**BRIEF**. Entries below include pictures. Output exactly the lines from the one with "Kernitsa Apartment |" down to the one with "Barbie signaturdocka 80-årsjubileum", both ends included, and leave the pictures out.

**INFORMATION SUPPLIED**.
----
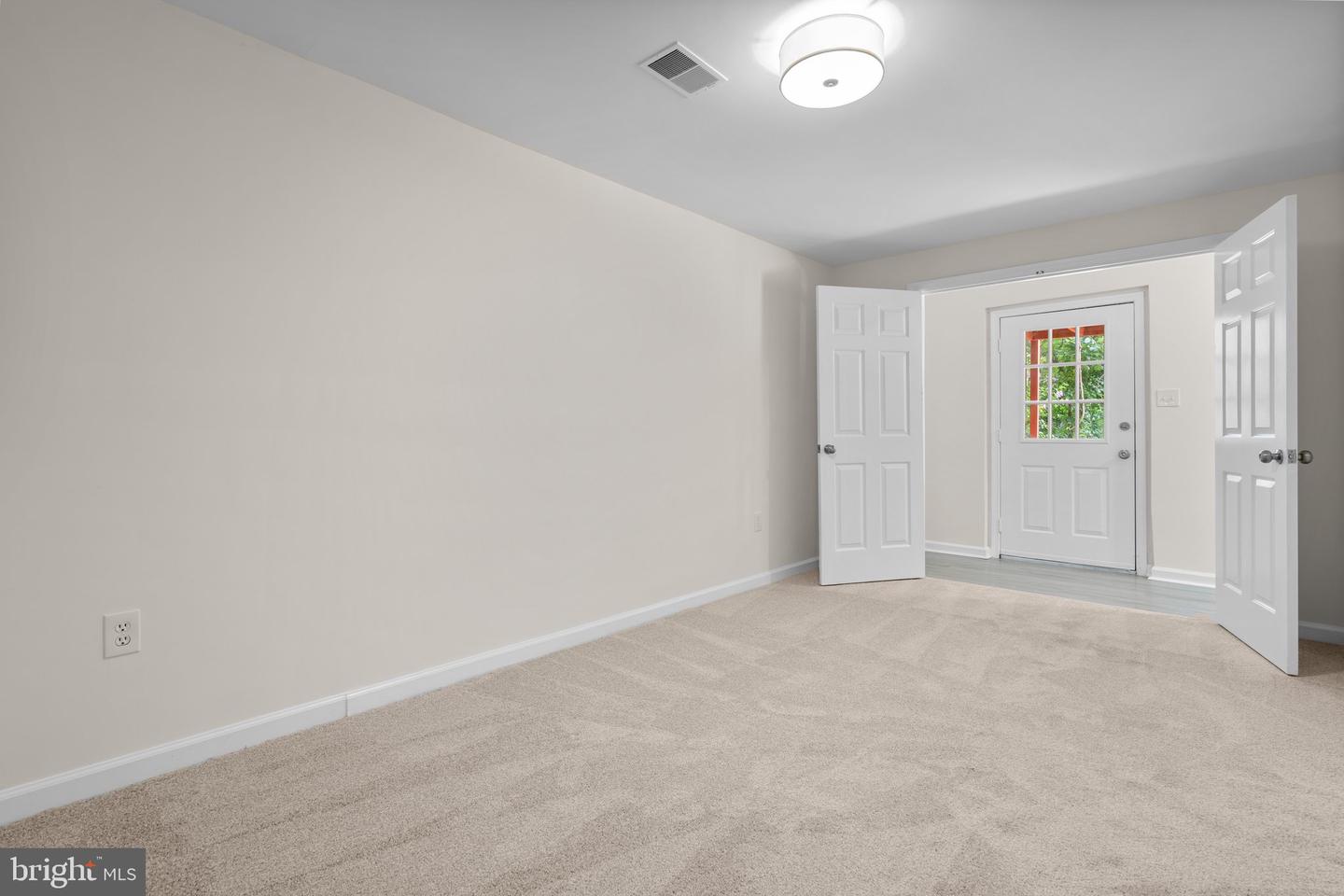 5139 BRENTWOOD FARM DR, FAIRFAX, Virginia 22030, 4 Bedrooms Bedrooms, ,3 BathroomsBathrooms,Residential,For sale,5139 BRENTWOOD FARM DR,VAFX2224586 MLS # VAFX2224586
----
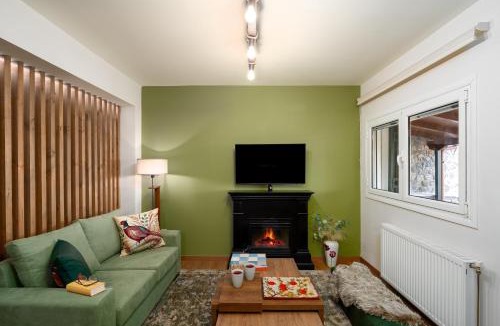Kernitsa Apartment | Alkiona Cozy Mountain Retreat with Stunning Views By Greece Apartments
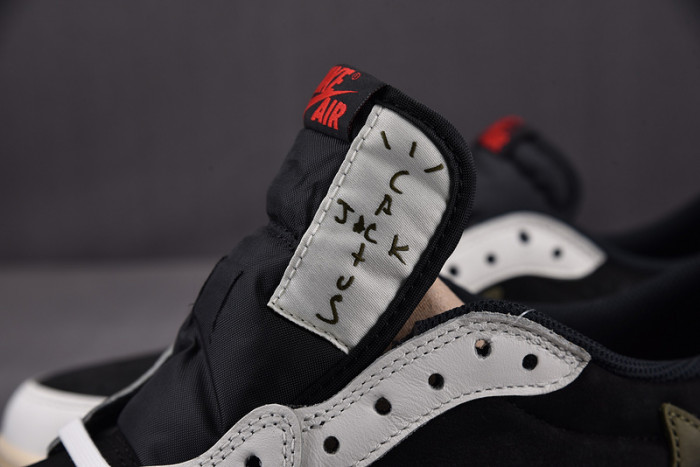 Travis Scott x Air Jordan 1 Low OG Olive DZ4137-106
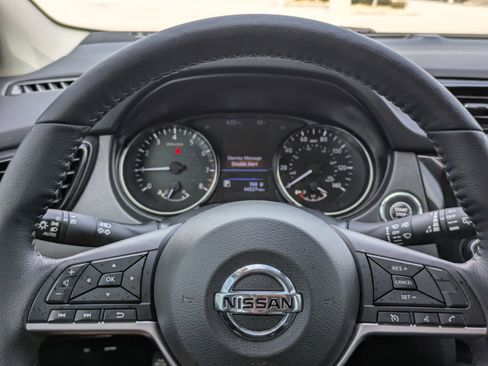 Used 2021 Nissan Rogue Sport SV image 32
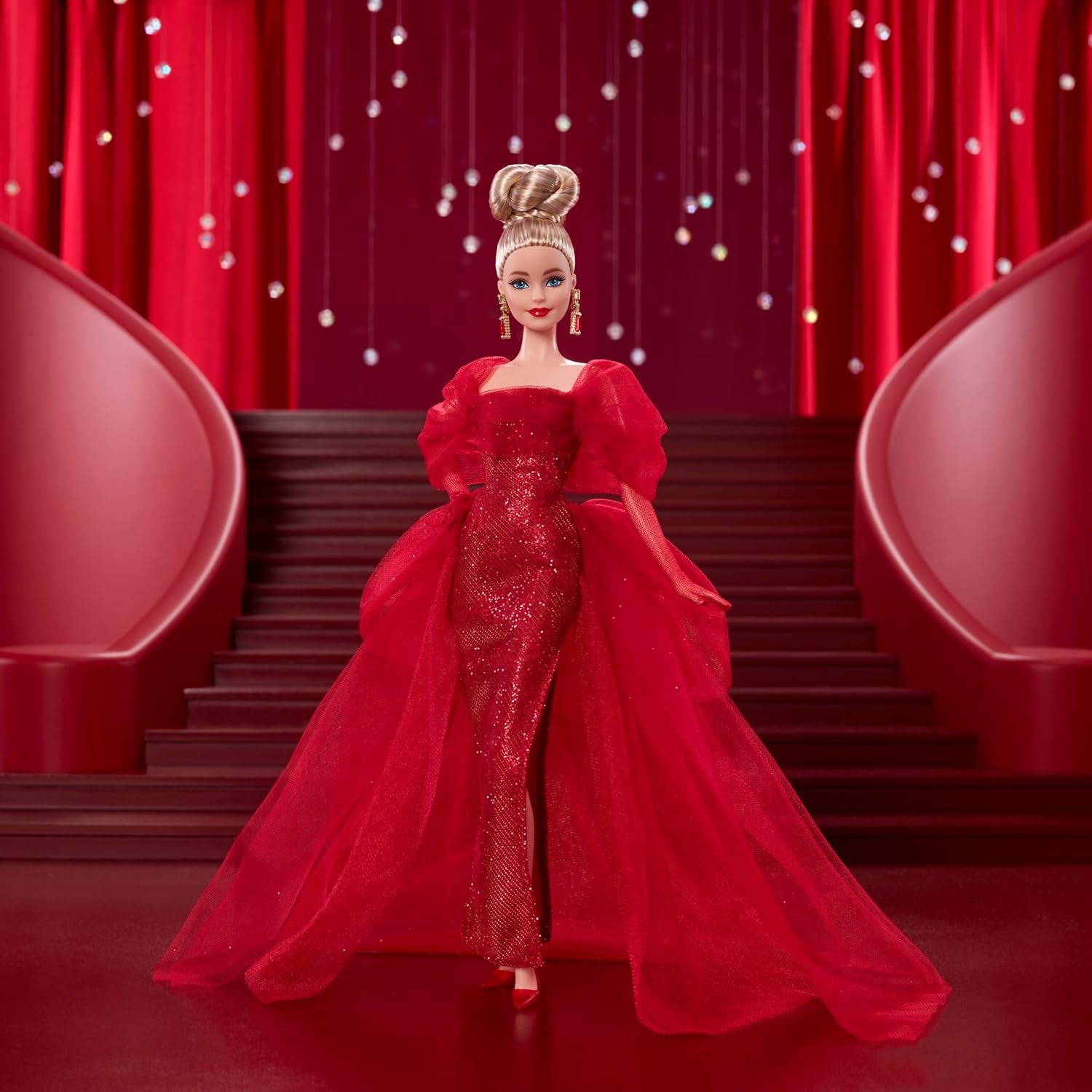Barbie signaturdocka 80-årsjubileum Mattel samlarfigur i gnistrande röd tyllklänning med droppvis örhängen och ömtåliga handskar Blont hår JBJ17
----
**WRITTEN SOLUTION**.
Kernitsa Apartment | Alkiona Cozy Mountain Retreat with Stunning Views By Greece Apartments
 Travis Scott x Air Jordan 1 Low OG Olive DZ4137-106
 Used 2021 Nissan Rogue Sport SV image 32
Barbie signaturdocka 80-årsjubileum Mattel samlarfigur i gnistrande röd tyllklänning med droppvis örhängen och ömtåliga handskar Blont hår JBJ17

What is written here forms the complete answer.